**Exercise aim**: Below this line is the material. Write out only its lines from the one containing "Pieces Gold T-bar Sun Bracelet" through the one containing "Appartamento Isolab: Monolocale", both kept, exactly.

**Record set**:
*** Block opens ***
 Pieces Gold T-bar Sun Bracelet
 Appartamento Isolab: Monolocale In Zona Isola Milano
*** Block closes ***
*** Block opens ***
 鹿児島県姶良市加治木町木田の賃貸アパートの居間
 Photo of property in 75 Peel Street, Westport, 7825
*** Block closes ***
**Output for this exercise**:
 Pieces Gold T-bar Sun Bracelet
 Appartamento Isolab: Monolocale In Zona Isola Milano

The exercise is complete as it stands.